I’ve just had a look at this instance and there’s definitely a key present, likely one you specified as the attached info looks similar to your username!

You can specify an ssh key using the -i flag with ssh, so:

HTH

Perfect! Worked a charm. Thanks for that.

The ssh command also automagically searches for keys in a hidden folder in your home directory named “.ssh”
(the preprended . hides it from the standard ls - list directory contents - command, you can see hidden files/folders with ls -a)
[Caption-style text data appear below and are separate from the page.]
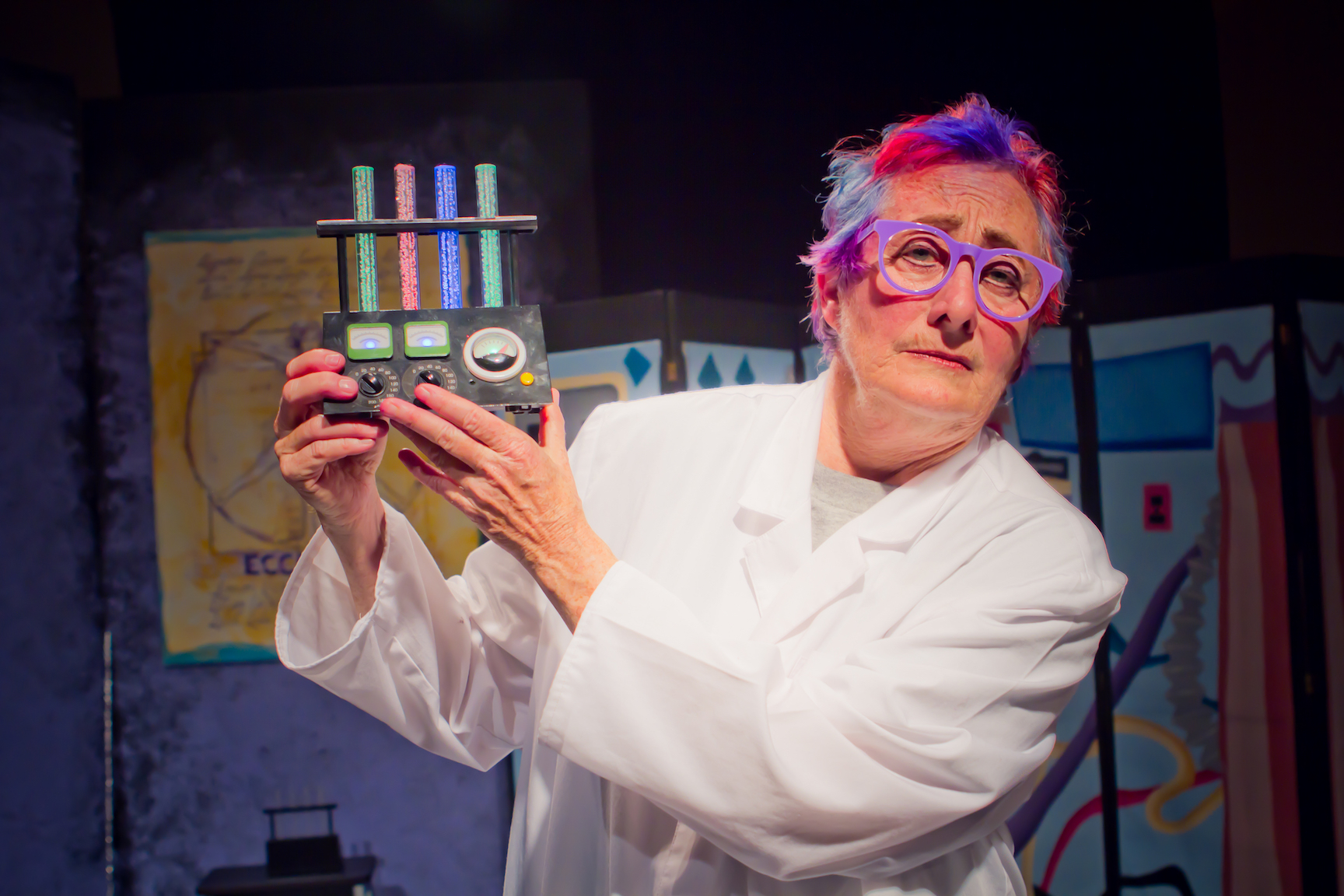 Terry as Dr. Gertrude Lesbostein in her play “Bride of Lesbostein,” a production of The Crackpot Crones, 2013. Photo credit: Liz Payne. Photo courtesy of Terry Baum.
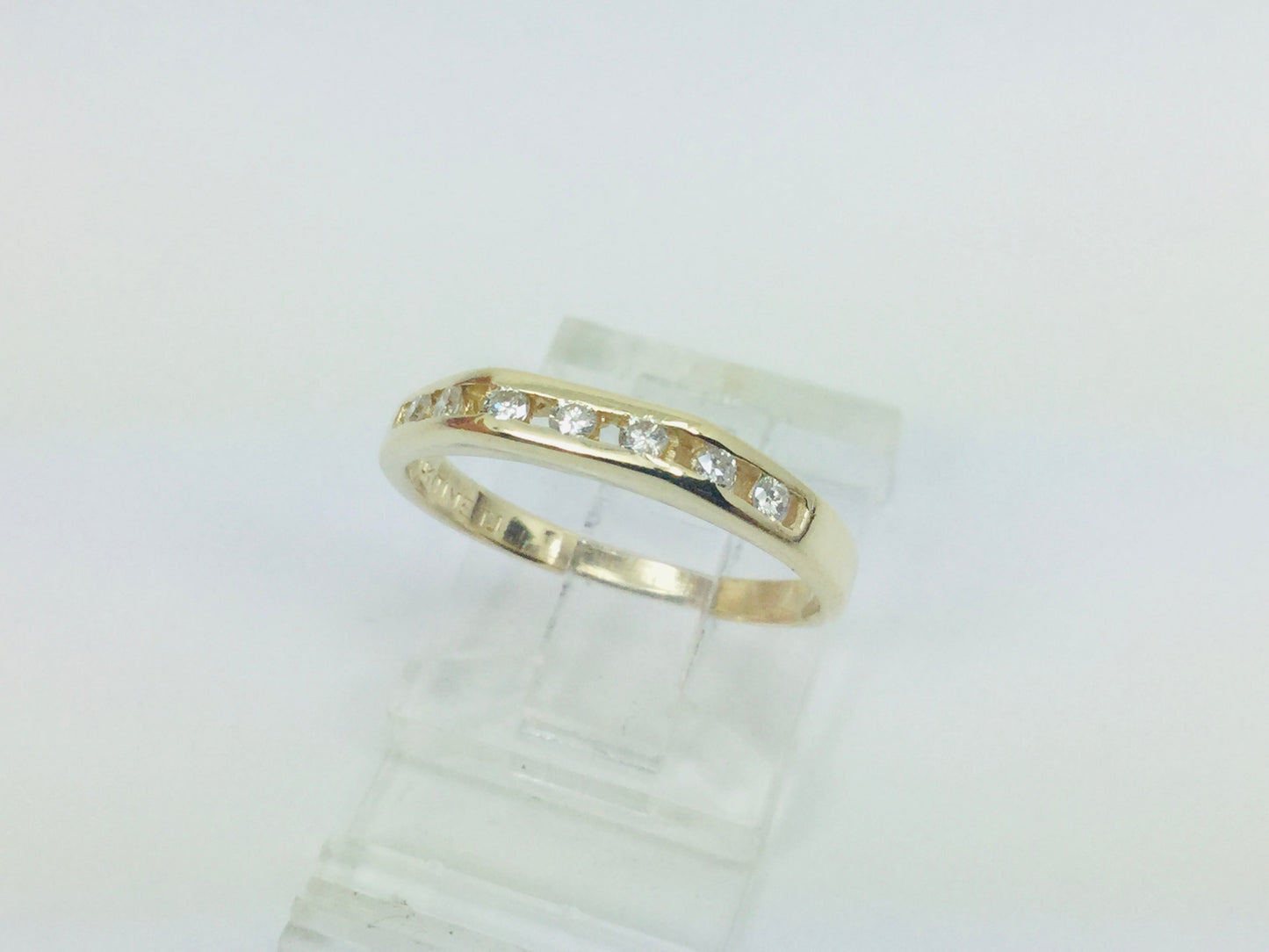 14k Yellow Gold Round Cut 0.14ct Diamond Channel Set Ring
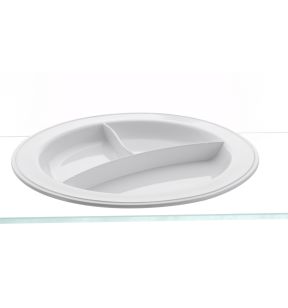 Bord met compartimenten rond wit copolyester Ø 23.5 Vaisselle Copolyester Saint Romain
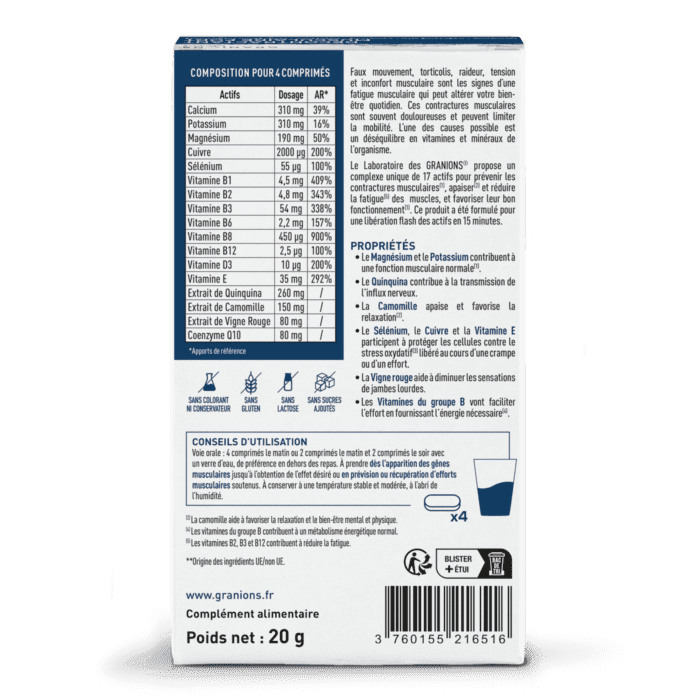Granions Muscle Relaxant Tablets - XQ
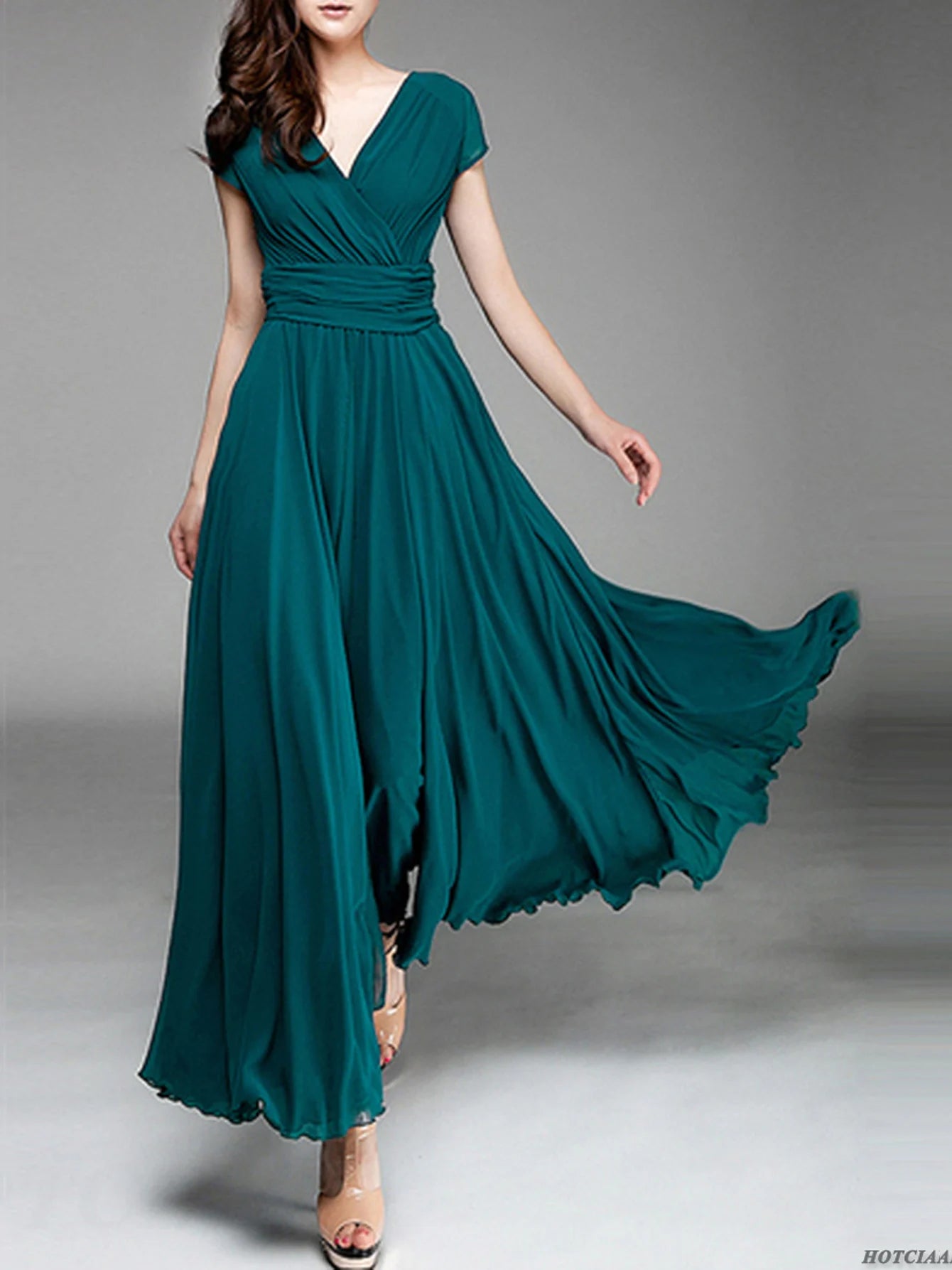 Zomer Chic Profondo Scollo a V Abito Lungo Maxi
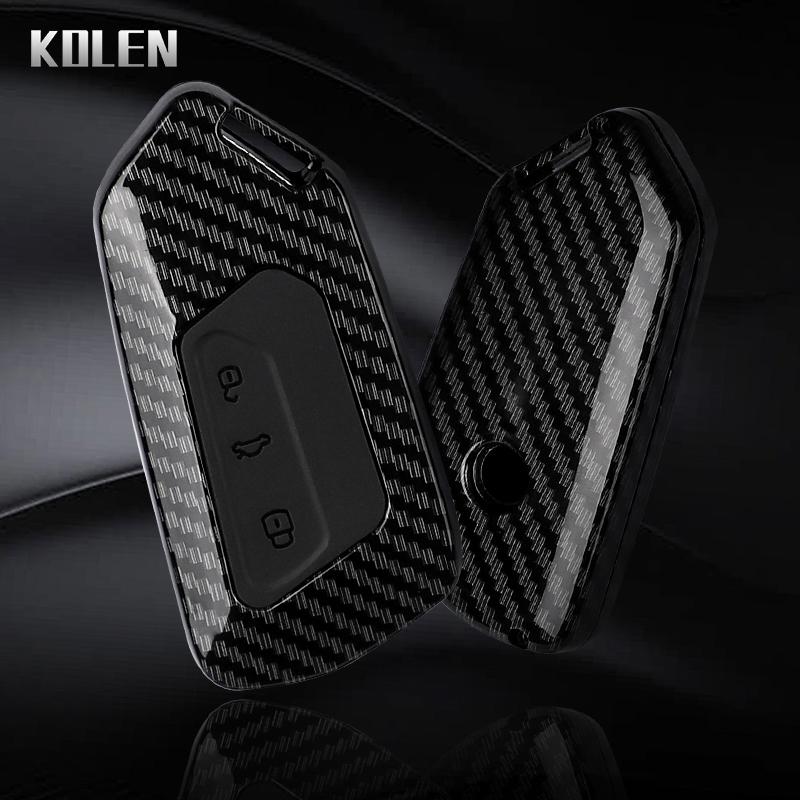 Abs Carbon Fiber Car Key Case Cover For Vw Volkswagen Golf 8 Mk8 Skoda Octavia A8 Seat Leon Mk4 Camouflage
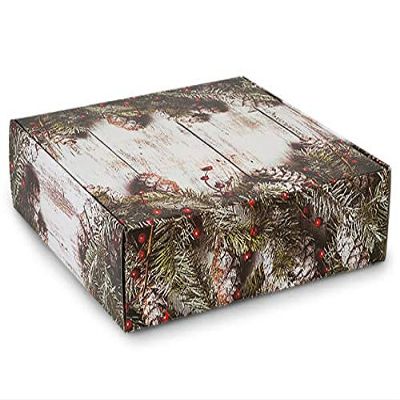 6 PK, Rustic Berries Gourmet Shipping Boxes, 12 x 12 x 3" for Gourmet Gift Packaging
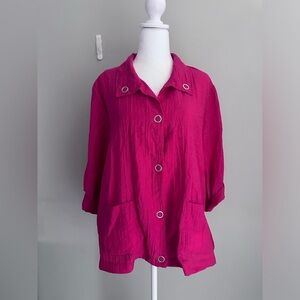 Chico’s Women Blouse  3/4 Roll - Tab Sleeve Casual Office Shirt Pink Sz 2 (2X)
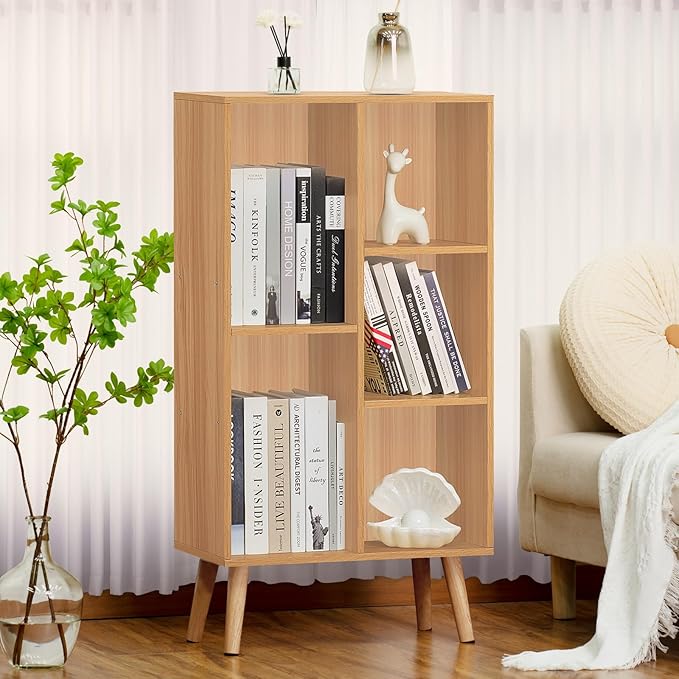 LEYAOYAO Wooden 5 Cube Bookshelf, Natural 3 Tier Book Shelf with Legs, Modern Open Storage Organizer,Boho Bookcase,Display Cabinet Shelf Free Standing Bookshelves for Bedroom,Living Room,Study - LeafyLoom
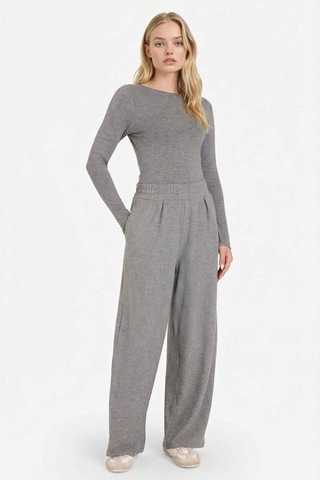 Defacto Wide Leg Yumuşak Tuşeli Pantolon G8418ax25wngr108 Gri-gr108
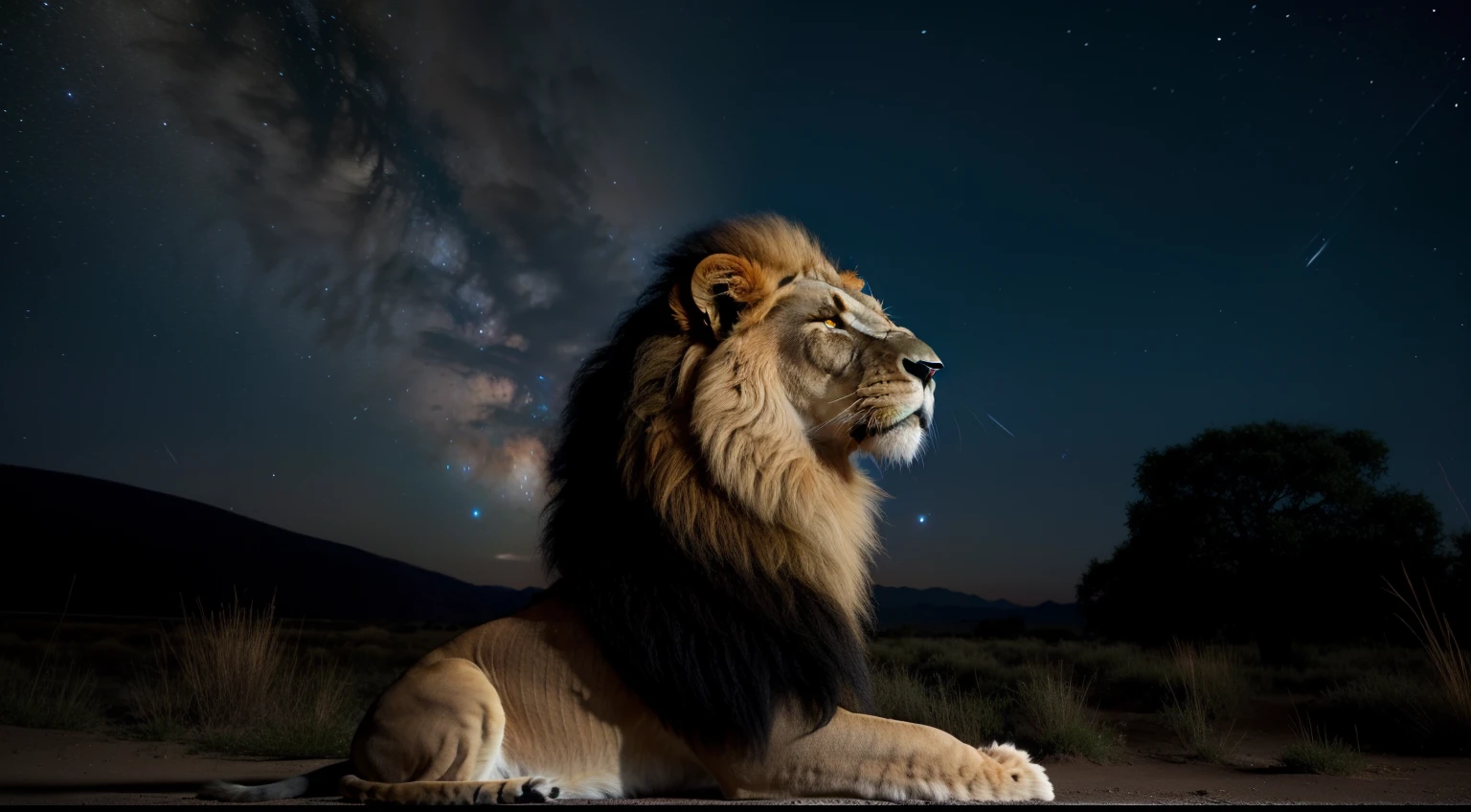 lion watching the stars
To be found by ssh, the filename of your key has to be id_rsa. If a file called id_rsa is found in the .ssh directory, its automatically tried first - no need to specify an identity (key) file with ssh -i.

If you’re into that kind of thing, you can observe the interaction between your client and the host (VM) if you add the -v (verbose) flag to your ssh command. So, with your key called id_rsa in the .ssh directory in your home directory, you can run:

to use your default key and work out exactly what’s happening (or going wrong!).

Cheers Matt, Thought i’d deleted the old ones but it turned out I had a second key in the known_hosts file that was causing the issue. Like the verbose flag, definitely into that sort of thing!
Thanks again!
David

I can’t even get the disc image to load. Any suggestions?

Thanks

Mark

Hi Mark, can you explain a bit more about the behaviour you’re seeing and the steps I need to take to reproduce it?

With the settings as for below:

Nothing happens when I press the Launch Server button. Sometimes the graphic in the button spins thereafter, other times it spins once and then stops. Either way nothing else happens. I was able to get a GVL started but terminated it when I realised I needed the tutorial image.

I should add that I use Safari on a Mac. I tried Google Chrome in case it was a browser issue.

Mark

Great, thanks for the updated info Mark.

Based on the screenshot above, it looks like you haven’t created an SSH key for accessing your new instance. This goes in the final dropdown in the “Launch a custom server” dialog.

Thanks for bringing this to our attention, we’ll add some better signposting for this issue in Bryn shortly.